___ Information supplied ___

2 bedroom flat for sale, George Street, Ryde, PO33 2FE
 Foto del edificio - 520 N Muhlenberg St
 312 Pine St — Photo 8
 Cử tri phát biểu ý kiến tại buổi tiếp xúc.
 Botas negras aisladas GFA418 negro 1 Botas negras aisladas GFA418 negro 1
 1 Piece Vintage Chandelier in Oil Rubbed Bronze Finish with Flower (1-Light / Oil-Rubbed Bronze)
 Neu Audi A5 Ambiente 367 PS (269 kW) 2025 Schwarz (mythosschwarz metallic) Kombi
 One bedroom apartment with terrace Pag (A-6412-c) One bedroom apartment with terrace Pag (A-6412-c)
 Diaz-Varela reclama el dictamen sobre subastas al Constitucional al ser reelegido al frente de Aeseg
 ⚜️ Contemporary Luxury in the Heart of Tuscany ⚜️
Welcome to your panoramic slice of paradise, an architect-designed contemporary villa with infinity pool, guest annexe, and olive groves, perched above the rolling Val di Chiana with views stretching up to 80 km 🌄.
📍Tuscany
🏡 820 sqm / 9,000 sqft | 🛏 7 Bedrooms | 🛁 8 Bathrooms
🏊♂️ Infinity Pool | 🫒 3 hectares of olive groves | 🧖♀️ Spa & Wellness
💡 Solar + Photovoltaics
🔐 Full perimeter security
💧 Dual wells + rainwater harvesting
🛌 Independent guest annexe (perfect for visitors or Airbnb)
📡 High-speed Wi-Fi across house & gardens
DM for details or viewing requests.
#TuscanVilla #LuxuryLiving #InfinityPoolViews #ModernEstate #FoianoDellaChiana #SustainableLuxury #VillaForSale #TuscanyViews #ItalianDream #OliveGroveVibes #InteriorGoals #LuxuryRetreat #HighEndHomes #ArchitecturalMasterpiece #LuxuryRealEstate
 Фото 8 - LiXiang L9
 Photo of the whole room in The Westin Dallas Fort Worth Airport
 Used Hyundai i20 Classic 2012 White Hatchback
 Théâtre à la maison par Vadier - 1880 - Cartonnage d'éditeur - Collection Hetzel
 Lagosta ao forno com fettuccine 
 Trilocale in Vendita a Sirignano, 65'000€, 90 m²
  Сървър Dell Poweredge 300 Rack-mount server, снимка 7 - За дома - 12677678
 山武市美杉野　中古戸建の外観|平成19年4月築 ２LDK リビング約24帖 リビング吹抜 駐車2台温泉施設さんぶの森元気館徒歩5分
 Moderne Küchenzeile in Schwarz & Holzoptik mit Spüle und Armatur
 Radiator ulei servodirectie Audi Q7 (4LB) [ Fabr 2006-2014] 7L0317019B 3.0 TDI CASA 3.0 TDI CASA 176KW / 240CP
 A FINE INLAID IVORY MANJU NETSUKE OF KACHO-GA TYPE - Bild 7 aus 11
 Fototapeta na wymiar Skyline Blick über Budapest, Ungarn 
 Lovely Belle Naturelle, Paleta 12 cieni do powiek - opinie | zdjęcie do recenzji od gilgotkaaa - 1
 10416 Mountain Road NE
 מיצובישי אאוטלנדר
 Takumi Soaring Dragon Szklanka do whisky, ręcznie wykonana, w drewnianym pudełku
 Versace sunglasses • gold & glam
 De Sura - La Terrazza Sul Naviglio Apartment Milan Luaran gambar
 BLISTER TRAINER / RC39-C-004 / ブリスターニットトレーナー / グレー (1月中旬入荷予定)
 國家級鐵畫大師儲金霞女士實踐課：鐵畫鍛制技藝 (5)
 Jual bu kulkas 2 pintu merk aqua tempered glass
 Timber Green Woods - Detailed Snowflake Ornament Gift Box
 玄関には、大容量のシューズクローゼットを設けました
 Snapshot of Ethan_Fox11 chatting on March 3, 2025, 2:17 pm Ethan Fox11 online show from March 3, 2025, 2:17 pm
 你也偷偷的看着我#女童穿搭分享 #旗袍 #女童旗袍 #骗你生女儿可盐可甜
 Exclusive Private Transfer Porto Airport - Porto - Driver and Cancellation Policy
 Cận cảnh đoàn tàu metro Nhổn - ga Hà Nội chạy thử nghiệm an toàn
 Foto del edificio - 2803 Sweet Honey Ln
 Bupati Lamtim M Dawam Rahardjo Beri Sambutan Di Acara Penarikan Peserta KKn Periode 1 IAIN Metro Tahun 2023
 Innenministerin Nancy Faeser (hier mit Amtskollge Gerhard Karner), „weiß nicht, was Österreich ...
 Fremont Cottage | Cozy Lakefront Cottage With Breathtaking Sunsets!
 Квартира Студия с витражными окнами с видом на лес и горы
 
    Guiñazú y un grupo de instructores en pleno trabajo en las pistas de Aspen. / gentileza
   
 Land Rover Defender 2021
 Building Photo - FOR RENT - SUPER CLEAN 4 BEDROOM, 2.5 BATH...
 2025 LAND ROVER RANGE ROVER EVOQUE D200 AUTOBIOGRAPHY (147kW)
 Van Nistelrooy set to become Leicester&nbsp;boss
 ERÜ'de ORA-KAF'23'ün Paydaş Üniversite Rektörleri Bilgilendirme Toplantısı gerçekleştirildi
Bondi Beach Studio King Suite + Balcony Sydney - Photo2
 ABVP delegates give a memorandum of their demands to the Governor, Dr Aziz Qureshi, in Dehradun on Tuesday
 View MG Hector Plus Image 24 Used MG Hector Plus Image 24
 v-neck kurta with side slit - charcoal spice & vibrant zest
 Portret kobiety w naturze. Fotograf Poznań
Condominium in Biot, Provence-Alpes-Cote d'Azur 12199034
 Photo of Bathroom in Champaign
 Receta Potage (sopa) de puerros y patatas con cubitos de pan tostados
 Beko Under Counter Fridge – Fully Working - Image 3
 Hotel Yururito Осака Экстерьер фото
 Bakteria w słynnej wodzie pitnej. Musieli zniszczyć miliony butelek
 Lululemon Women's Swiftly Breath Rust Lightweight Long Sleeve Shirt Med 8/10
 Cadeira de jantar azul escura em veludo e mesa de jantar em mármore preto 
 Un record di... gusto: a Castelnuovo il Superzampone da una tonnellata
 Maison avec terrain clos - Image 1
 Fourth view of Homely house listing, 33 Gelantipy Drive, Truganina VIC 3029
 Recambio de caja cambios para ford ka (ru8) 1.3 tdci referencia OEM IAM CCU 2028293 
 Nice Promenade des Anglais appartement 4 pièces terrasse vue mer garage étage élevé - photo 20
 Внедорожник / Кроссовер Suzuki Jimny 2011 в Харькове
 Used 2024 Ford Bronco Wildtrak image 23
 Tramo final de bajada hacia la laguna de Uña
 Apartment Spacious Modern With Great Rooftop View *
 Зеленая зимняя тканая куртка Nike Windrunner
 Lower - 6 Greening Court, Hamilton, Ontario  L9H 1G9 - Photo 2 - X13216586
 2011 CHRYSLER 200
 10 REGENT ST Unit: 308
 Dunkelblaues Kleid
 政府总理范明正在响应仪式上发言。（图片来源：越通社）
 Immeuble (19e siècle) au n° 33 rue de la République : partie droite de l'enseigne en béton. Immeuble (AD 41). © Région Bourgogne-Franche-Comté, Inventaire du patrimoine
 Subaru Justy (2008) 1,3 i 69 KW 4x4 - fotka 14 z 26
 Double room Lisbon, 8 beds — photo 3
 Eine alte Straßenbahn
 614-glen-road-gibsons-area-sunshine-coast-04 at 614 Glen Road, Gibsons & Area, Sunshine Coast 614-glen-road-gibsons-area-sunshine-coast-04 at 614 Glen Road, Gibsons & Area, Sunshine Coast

___

Work to be completed:
The required output is the entries from their opening line through the line holding "One bedroom apartment with terrace Pag (A-6412-c) One", repeated exactly, with both end lines kept.

Solved exercise:
2 bedroom flat for sale, George Street, Ryde, PO33 2FE
 Foto del edificio - 520 N Muhlenberg St
 312 Pine St — Photo 8
 Cử tri phát biểu ý kiến tại buổi tiếp xúc.
 Botas negras aisladas GFA418 negro 1 Botas negras aisladas GFA418 negro 1
 1 Piece Vintage Chandelier in Oil Rubbed Bronze Finish with Flower (1-Light / Oil-Rubbed Bronze)
 Neu Audi A5 Ambiente 367 PS (269 kW) 2025 Schwarz (mythosschwarz metallic) Kombi
 One bedroom apartment with terrace Pag (A-6412-c) One bedroom apartment with terrace Pag (A-6412-c)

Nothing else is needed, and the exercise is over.